The Solution? An Entirely New Approach
Before, we were thinking about servers in terms of their networking identity. For example, an IP address. This was adequate, but there is no longer a consistent mapping between IP address and service. We need to stop identifying services by some proxy variable, such as IP, and start identifying services directly. How do we do that, and how do we manage relationships between these identities?
The Service Mesh
A service mesh is a relatively new entry into the networking scene. It operates at a much higher level than traditional networking does. Rather than worrying about the underlying switches, routes and such, it registers itself with each application in your system and processes rules about application to application communication. The service mesh has some specific differences from a traditional set up that must be understood.
Intention-based security refers to a style of declaring security rules. Rather than having obscure networking rules that directly configure underlying switches, we declare the intention of each service, at the service level. For example, Service A wishes to communicate with Service B.
This abstracts the underlying server and means that we no longer have to rely on assumptions about IP addresses. We can declare our intentions directly.
The Mesh Proxy (Sometimes Called Sidecar)
The service mesh is made up of a control plane and a network of proxies. The control plane configures the proxies, based on the intentions declared by the user. The proxies then intercept all traffic moving in and out of the service and, if the rules apply, will transform, reroute or block the traffic entirely. This network of proxies makes up the service mesh.
The Problem? Risk of System Disruptions
The most obvious drawback of this architecture is that there are many, many proxies. At least one per service. This means that a single broken proxy can disrupt all traffic for a service. We need to be able to monitor the health and configuration for each of these proxies, otherwise we will quickly lose the ability to track down problems.

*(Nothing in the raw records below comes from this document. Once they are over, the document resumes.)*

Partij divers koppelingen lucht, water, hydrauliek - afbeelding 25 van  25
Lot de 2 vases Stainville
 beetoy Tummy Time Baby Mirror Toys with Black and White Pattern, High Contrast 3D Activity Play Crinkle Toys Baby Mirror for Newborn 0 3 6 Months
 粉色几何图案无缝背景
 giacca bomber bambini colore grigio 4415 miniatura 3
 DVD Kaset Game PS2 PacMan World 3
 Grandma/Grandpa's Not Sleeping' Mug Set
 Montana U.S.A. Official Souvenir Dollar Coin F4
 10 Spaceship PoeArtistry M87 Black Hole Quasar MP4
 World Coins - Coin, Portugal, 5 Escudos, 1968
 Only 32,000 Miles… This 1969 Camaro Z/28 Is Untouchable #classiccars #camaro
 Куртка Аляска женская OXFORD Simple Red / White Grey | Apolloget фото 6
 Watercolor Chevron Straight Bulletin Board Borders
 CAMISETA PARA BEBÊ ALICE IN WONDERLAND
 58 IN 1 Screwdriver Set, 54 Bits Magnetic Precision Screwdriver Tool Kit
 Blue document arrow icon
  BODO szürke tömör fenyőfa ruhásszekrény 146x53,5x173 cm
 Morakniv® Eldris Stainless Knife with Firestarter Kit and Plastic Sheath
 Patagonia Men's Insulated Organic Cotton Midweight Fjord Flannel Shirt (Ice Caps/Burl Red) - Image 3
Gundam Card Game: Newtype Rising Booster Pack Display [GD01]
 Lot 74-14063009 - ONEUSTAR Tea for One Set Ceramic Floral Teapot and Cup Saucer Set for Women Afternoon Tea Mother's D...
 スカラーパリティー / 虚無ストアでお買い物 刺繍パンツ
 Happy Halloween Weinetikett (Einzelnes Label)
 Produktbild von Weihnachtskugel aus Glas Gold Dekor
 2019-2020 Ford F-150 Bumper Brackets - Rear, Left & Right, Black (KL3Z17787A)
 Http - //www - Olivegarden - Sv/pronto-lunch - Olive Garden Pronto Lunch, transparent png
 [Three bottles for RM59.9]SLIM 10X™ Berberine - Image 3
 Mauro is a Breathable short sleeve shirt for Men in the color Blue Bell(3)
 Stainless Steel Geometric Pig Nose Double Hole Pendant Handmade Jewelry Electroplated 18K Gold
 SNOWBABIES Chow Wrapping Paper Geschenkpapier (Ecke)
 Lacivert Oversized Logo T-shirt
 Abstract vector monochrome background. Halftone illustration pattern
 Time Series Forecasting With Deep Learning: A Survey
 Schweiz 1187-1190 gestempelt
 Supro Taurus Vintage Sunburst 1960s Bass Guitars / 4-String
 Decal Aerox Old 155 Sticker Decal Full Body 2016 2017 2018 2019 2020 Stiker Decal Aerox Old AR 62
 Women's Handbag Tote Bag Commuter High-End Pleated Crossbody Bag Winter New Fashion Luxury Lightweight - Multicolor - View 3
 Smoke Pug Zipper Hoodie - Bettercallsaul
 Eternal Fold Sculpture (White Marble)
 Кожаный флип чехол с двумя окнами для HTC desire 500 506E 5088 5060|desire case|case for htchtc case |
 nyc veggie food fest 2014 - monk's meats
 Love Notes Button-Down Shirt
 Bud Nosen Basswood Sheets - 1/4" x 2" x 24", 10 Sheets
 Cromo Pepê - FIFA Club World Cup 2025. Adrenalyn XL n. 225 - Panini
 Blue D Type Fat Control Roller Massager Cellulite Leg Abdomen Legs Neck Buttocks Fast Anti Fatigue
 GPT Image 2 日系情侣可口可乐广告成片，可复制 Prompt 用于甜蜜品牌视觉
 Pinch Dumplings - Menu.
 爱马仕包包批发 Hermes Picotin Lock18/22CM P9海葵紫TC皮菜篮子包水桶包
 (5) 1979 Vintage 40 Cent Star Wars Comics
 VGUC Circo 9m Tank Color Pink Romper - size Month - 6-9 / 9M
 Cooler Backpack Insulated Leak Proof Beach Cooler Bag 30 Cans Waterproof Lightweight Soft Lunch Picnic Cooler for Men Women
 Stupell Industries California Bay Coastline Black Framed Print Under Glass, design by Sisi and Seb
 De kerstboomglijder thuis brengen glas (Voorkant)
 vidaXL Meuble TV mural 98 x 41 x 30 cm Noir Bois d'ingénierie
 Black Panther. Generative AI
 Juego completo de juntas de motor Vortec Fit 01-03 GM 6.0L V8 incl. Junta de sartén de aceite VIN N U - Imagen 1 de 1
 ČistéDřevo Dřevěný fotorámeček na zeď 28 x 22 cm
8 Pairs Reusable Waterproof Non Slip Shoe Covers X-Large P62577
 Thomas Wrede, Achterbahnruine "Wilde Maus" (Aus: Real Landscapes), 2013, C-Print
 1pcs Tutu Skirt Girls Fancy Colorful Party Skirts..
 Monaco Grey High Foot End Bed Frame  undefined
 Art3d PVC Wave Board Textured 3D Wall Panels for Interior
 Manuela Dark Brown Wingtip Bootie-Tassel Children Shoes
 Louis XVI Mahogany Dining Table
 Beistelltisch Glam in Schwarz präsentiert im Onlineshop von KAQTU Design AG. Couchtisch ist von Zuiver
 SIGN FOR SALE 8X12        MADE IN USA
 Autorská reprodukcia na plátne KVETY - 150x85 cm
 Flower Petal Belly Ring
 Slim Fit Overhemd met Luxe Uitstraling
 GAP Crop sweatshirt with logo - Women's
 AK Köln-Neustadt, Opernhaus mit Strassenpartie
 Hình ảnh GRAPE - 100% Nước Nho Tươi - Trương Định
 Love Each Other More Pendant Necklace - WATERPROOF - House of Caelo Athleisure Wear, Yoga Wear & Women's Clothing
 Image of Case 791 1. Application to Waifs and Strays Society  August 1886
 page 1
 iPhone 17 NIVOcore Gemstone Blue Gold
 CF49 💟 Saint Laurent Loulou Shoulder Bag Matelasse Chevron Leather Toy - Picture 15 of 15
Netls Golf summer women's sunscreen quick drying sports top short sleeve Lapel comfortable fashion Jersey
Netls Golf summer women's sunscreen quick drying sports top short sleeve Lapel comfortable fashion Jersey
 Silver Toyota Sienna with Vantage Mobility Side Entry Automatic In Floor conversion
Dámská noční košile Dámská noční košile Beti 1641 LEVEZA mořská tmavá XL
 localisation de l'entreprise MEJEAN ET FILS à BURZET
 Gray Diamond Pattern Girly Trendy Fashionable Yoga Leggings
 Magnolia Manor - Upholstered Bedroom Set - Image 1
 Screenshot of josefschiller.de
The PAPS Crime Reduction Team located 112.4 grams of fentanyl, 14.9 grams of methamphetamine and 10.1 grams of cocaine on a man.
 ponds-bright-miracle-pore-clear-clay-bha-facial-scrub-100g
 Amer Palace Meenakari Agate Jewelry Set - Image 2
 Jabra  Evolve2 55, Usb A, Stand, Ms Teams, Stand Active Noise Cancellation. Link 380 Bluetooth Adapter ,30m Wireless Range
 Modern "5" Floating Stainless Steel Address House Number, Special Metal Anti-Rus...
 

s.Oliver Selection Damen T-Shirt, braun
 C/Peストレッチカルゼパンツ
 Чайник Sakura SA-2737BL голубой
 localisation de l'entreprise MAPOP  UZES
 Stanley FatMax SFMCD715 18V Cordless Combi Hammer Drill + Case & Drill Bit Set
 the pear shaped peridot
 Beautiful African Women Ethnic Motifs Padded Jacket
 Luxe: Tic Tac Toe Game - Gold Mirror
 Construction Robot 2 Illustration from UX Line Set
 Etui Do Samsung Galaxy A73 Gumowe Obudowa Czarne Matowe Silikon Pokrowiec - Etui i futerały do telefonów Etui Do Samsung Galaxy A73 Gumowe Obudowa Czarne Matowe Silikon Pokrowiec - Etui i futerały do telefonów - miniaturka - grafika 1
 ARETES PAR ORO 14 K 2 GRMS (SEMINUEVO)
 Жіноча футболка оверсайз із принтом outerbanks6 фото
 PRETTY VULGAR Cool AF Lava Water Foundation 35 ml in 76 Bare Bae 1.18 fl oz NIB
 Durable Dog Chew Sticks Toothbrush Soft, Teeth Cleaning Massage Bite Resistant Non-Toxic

The Solution? A Powerful Observability Platform
Observability is the answer here. You need a powerful platform, through which you can interrogate your infrastructure. You can find out about memory, CPU and networking status of your proxies and services, and ensure that your entire service mesh is running optimally.
Coralogix provides world class observability and regularly processes over 500,000 events, every second. If you need to level up your insights and gain new control over your system, check out how we can help.
We began with simple networking rules that blocked traffic from server to server. As we can see, the arms race between security and sophisticated software techniques continues. We have arrived at a point where we can directly declare services, by their human readable names, and control traffic through a network of distributed proxies.
Wherever you find yourself on this journey, the most exciting thing is that there is always somewhere new to go!